* _TASK DESCRIPTION_
Return the listing below verbatim. Pictures do not belong in the copy.

* _EXTRACTED ENTRIES_
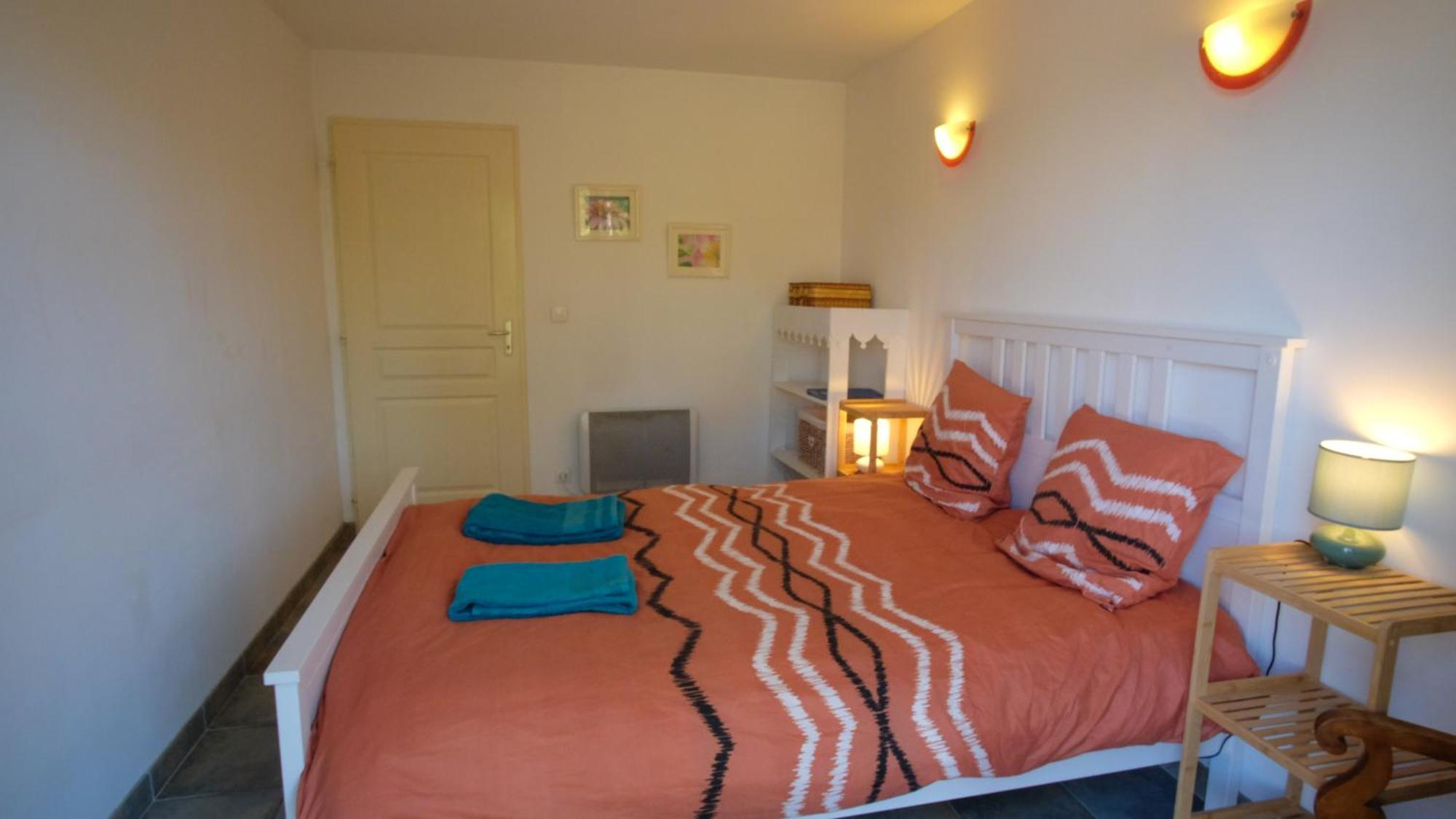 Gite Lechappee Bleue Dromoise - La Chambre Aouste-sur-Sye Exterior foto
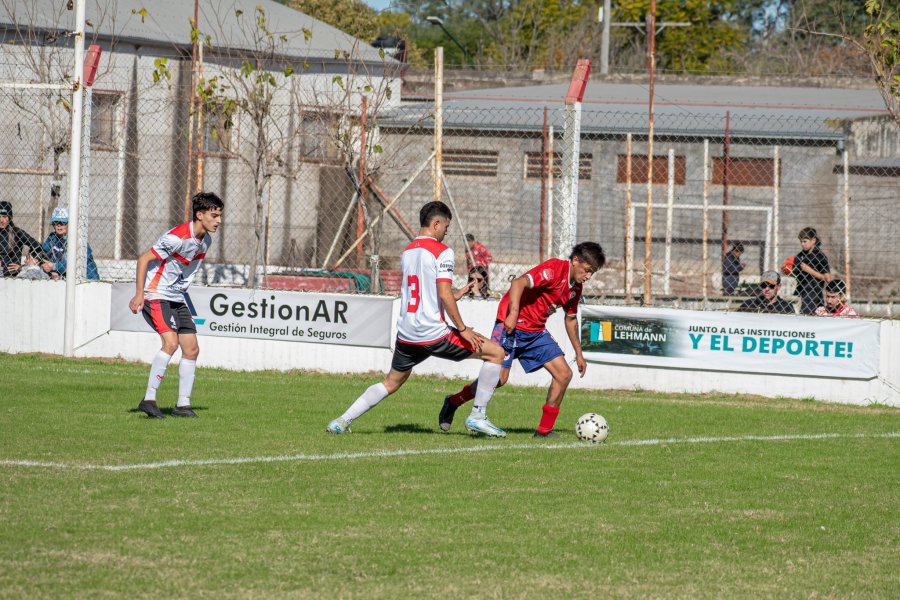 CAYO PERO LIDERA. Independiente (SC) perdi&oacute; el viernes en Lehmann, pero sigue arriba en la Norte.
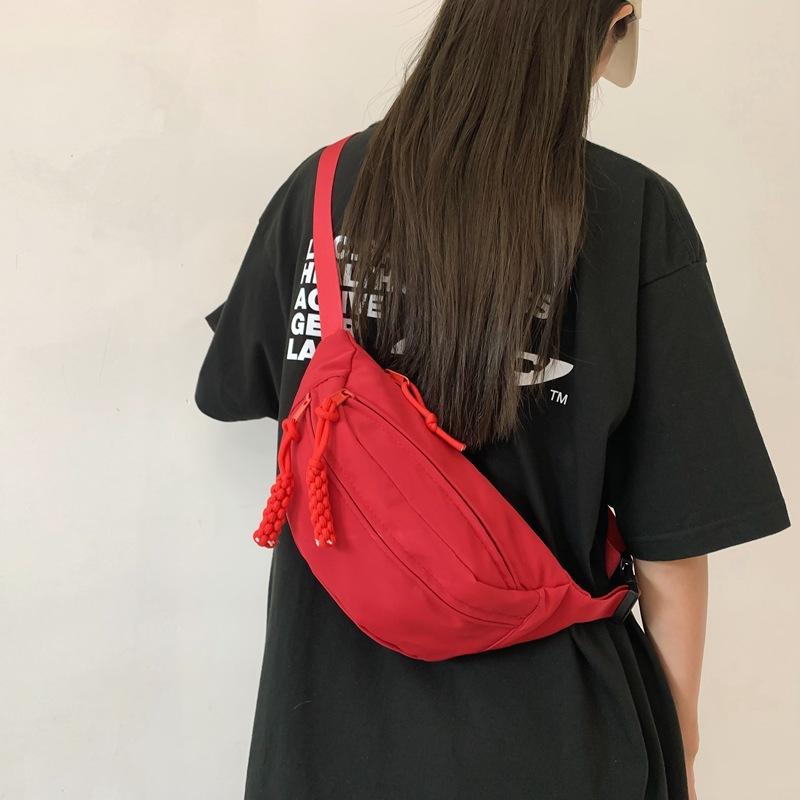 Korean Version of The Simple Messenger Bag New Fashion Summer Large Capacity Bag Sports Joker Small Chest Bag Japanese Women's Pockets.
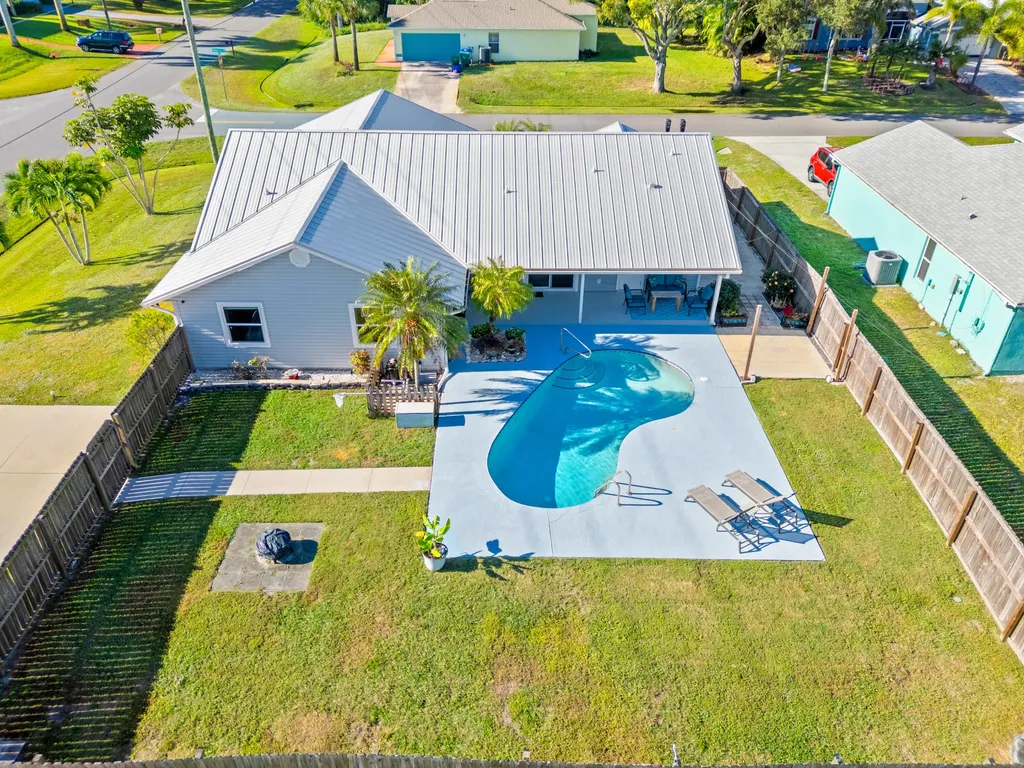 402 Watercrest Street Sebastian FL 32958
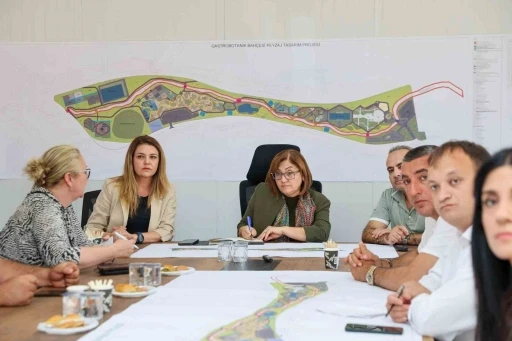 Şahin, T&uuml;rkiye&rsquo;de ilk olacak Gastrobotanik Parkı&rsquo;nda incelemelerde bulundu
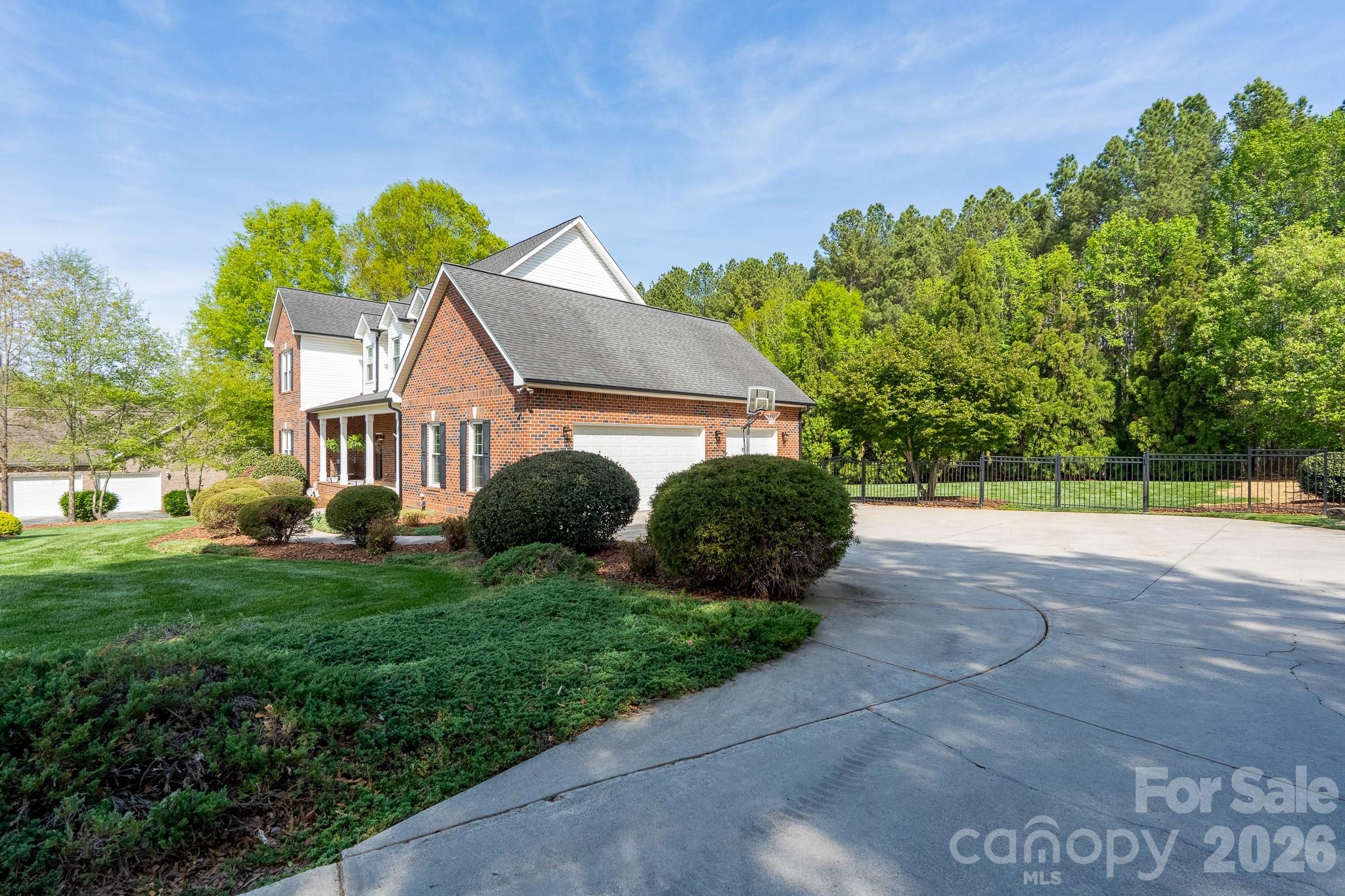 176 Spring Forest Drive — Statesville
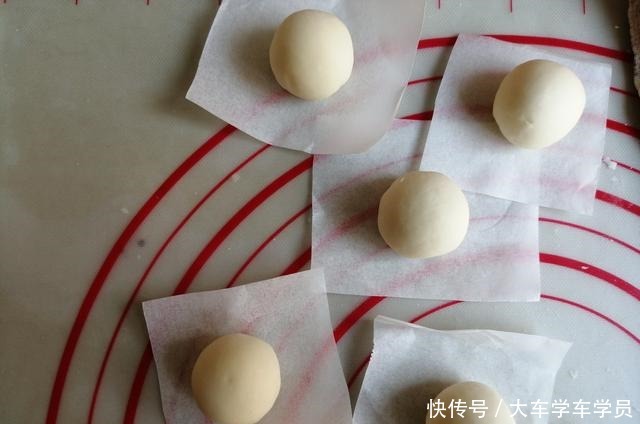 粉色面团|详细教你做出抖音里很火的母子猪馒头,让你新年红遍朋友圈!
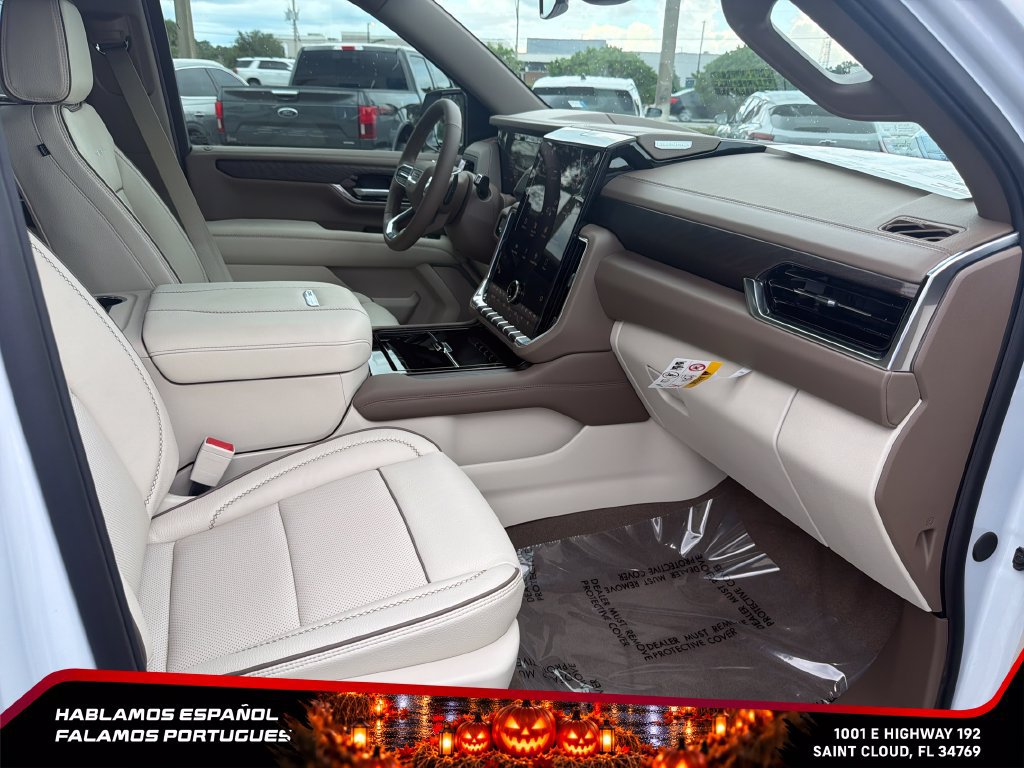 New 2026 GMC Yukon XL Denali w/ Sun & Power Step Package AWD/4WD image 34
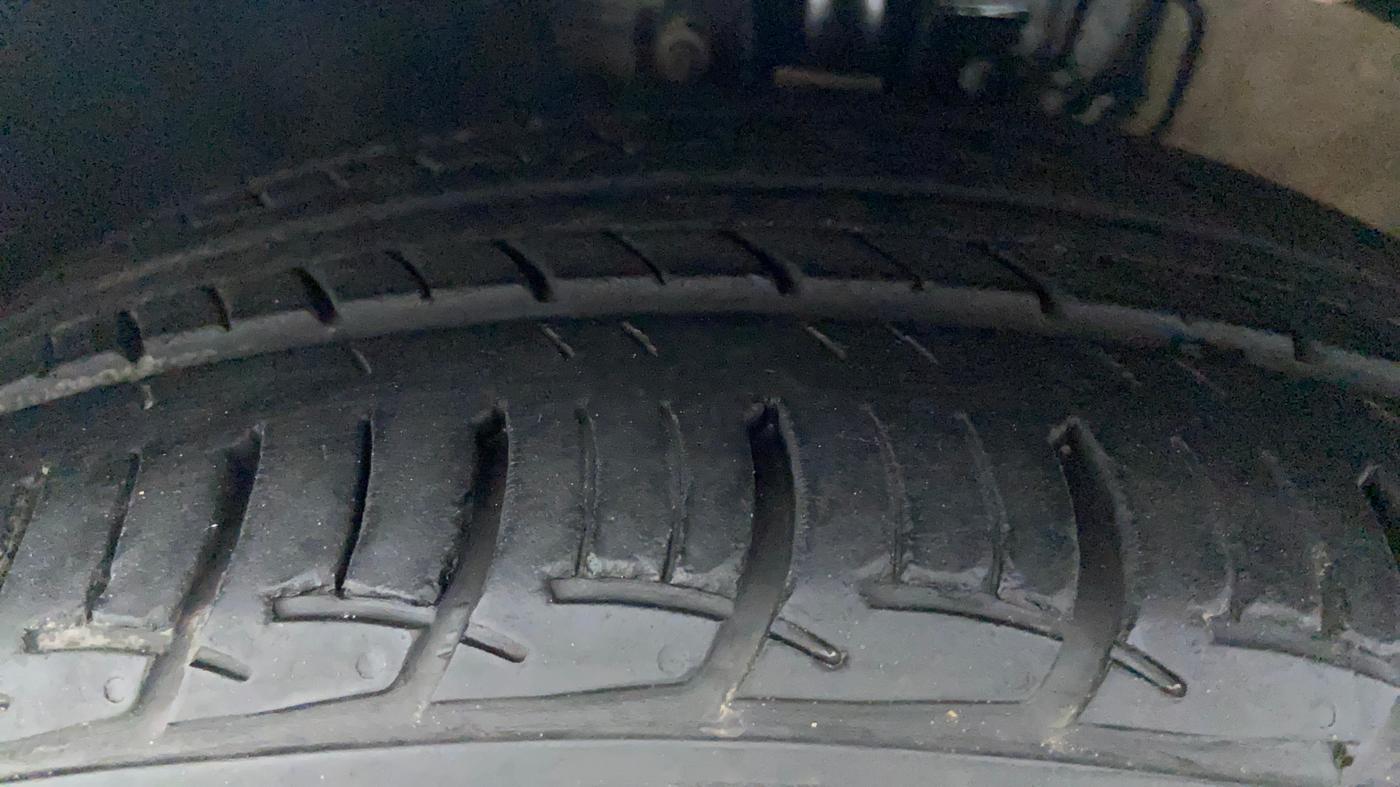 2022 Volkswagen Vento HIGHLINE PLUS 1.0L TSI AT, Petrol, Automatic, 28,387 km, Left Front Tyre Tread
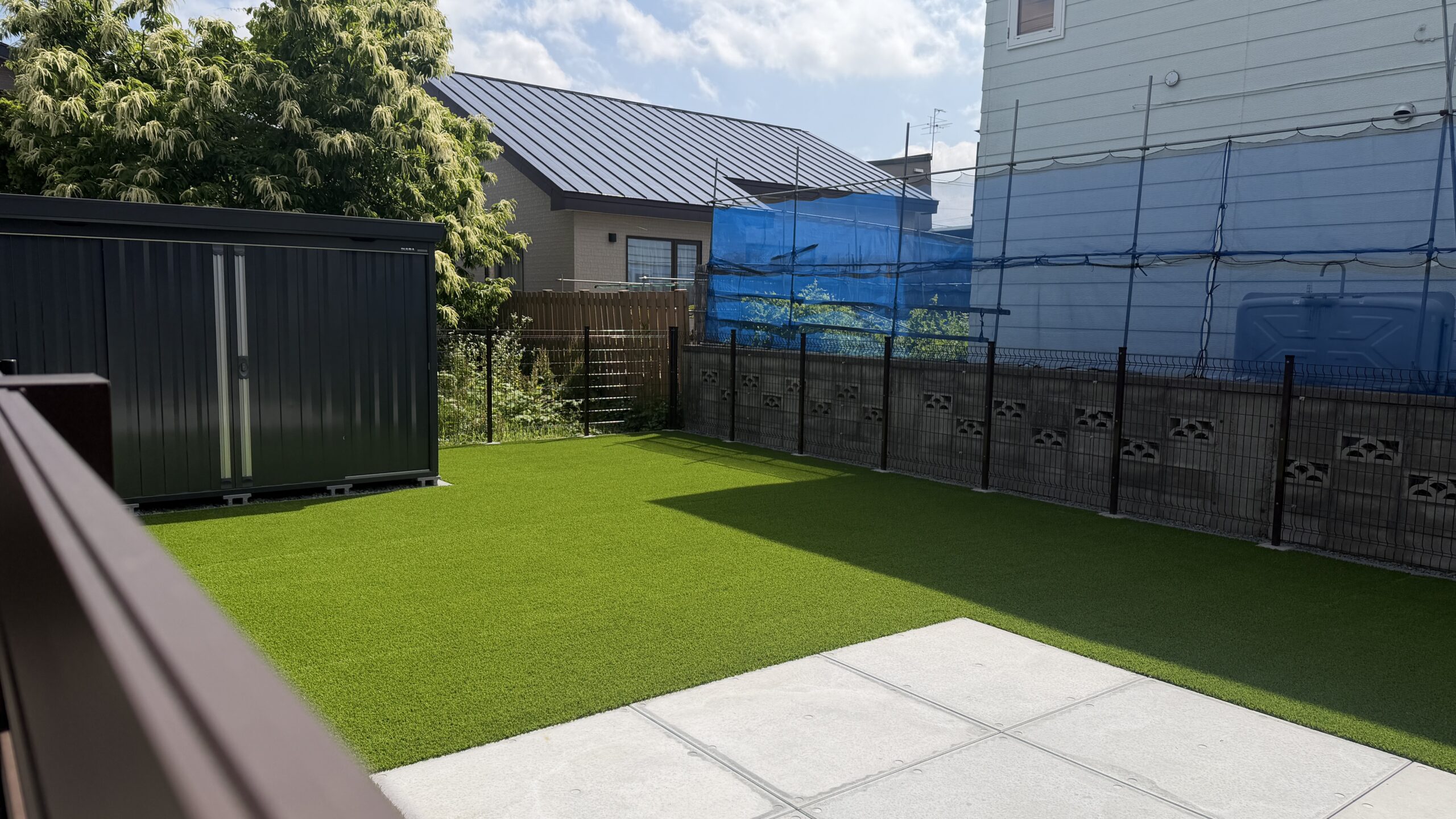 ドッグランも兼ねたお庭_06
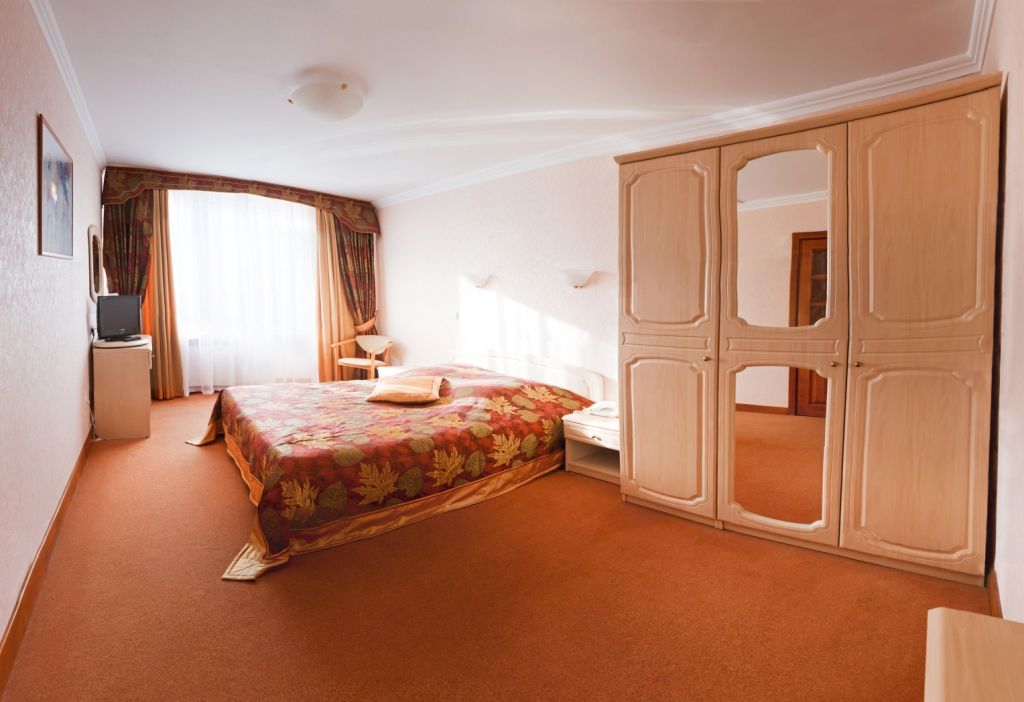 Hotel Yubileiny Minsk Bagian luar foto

* _ANSWER BOX_
 Gite Lechappee Bleue Dromoise - La Chambre Aouste-sur-Sye Exterior foto
 CAYO PERO LIDERA. Independiente (SC) perdi&oacute; el viernes en Lehmann, pero sigue arriba en la Norte.
 Korean Version of The Simple Messenger Bag New Fashion Summer Large Capacity Bag Sports Joker Small Chest Bag Japanese Women's Pockets.
 402 Watercrest Street Sebastian FL 32958
 Şahin, T&uuml;rkiye&rsquo;de ilk olacak Gastrobotanik Parkı&rsquo;nda incelemelerde bulundu
 176 Spring Forest Drive — Statesville
 粉色面团|详细教你做出抖音里很火的母子猪馒头,让你新年红遍朋友圈!
 New 2026 GMC Yukon XL Denali w/ Sun & Power Step Package AWD/4WD image 34
 2022 Volkswagen Vento HIGHLINE PLUS 1.0L TSI AT, Petrol, Automatic, 28,387 km, Left Front Tyre Tread
 ドッグランも兼ねたお庭_06
 Hotel Yubileiny Minsk Bagian luar foto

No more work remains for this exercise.